Aggregates Manager Pull-out Guide: Keep a Clean House

AggMan Staff

Knoop says the key to ensuring a safe work environment is to conduct quality workplace examinations, which MSHA requires to take place during each shift. “Having employees trained in what to look for and how to go about correcting unsafe conditions or acts is fundamental in ensuring that the house is kept clean,” he adds.

 

 

Joseph Casper

 

Keeping a clean house in your operation, as the title might imply, is “nice,” says Joe Casper, NSSGA vice president of safety services. “But it has a dual set of meanings. Yes, it is important to keep your site neat and clean, because it affects how your customers and neighbors perceive your operation. But it also is extremely important for safety,” he says.

To Casper, housekeeping issues can lead to a number of injuries and near misses. In order to effectively address the safety aspect of housekeeping, it is important to “get under the hood” of what is going on behind the cause of housekeeping concerns, to ensure that standards are truly being met. In addition, operations should work to create processes for analyzing near misses, as well as conduct audits of the practices or mistakes that led to the near miss. All of these endeavors work toward an ultimate goal of operating under a culture of safety.

Casper says housekeeping telegraphs an obligation to employees to think for themselves. “This includes thinking about exceeding the standards and taking care of the little things,” he says.

He offers a parallel between housekeeping at aggregate operations and former New York City mayor Rudy Giuliani’s crime-fighting efforts. “When Giuliani was elected mayor of New York City, he said he would go after crime by first attacking the little crimes — for example, the ‘squeegee’ people,” Casper says. “His theory was that by going after the little crimes, the big crimes would follow. It seems counterintuitive, but the data showed he was right.”

The same holds true when making an effort to address the “minor” aggregates housekeeping issues, says Casper. “If you take care to address the smaller things, the larger things will follow. And that will lead to better compliance overall with MSHA standards and a safer overall operation,” he explains.

 

 

Mark Rock

 

“Housekeeping, to the outside observer — whether he or she is a customer or an MSHA inspector — is a good indicator of where a company is in respect to safety,” says Mark Rock, vice president risk management for CalPortland Co.

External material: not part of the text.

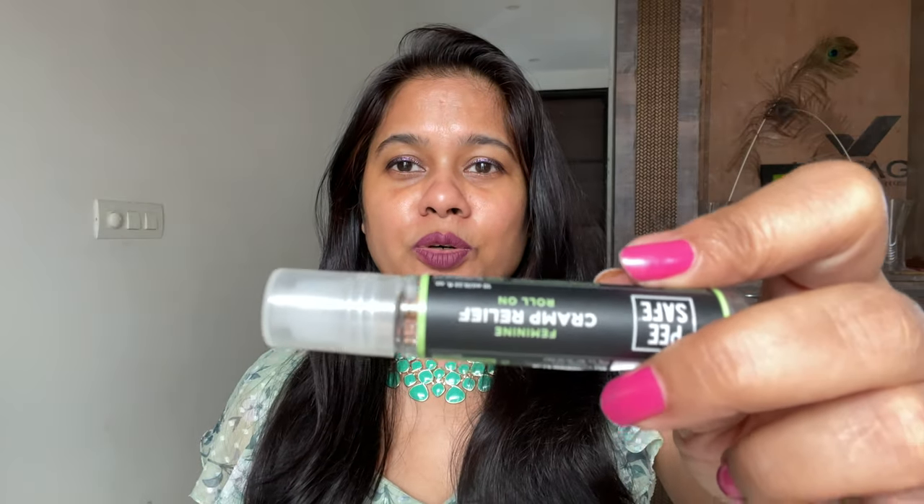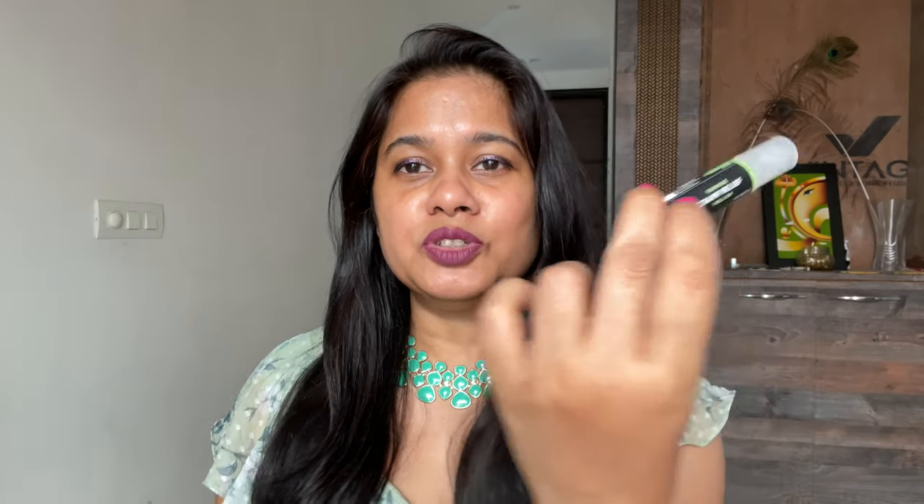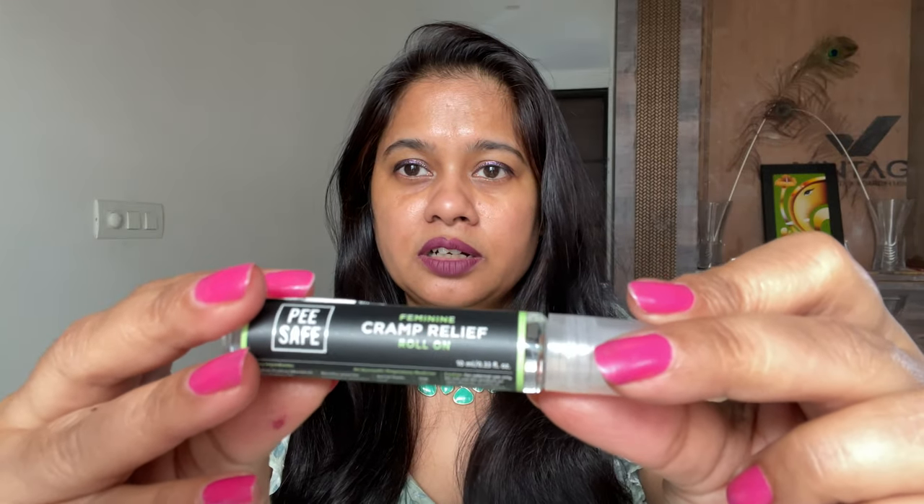So this is actually very good. If you guys want to try it, it's called Cramp Relief and it's by Psafe. That's all for this video. If you really want to give it a try, I think you should. I was actually amazed — I didn't think it would work so well. I thought you just buy it to try and forget about it, but it actually does a good job. That's all for this review, guys — bye!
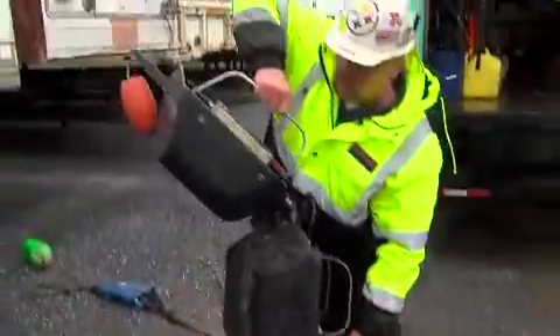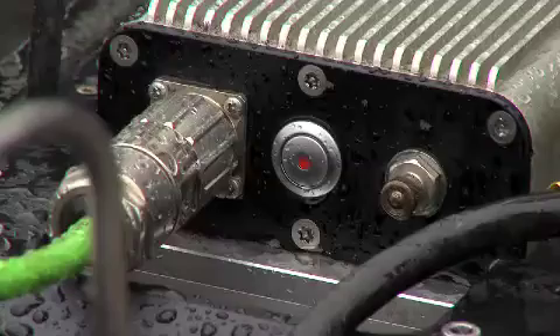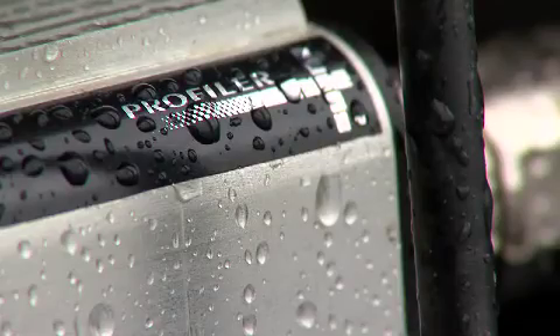You just pick it up, essentially, and you lower it down into the manhole, into the pipe. Officially, this is called a mid-diameter profiler.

That said, CalPortland works hard to tie housekeeping in with its extensive safety regimen, which has made some groundbreaking progress with MSHA.

According to Rock, CalPortland approached and formed a partnership with the Western District of MSHA in 2006, with a goal of creating better understanding between the two entities. “MSHA came up with criteria that it wanted in our agreement, and we were able to come up with our own agreement criteria,” Rock explains. “There was give and take, and, in October 2006, we had a formal, structured agreement.”

With the agreement in place, Rock says, MSHA holds CalPortland to a higher standard than usual, but MSHA also is part of the solution to reaching that standard. “We wanted to be able to meet on issues and collectively solve them,” he says.

Since that time, the increased rapport with MSHA has been nothing short of incredible, Rock says. Inspectors know they will be treated with respect and will get cooperation from personnel at CalPortland sites. And in return, they are a great resource for best practices. “We can pick up the phone and call them. It’s an incredible benefit,” he adds.

The partnership does not mean CalPortland doesn’t receive citations, and it doesn’t mean the company won’t contest them, if necessary. “But without this partnership, I don’t think we could be as good as we are in respect to employee safety,” Rock notes.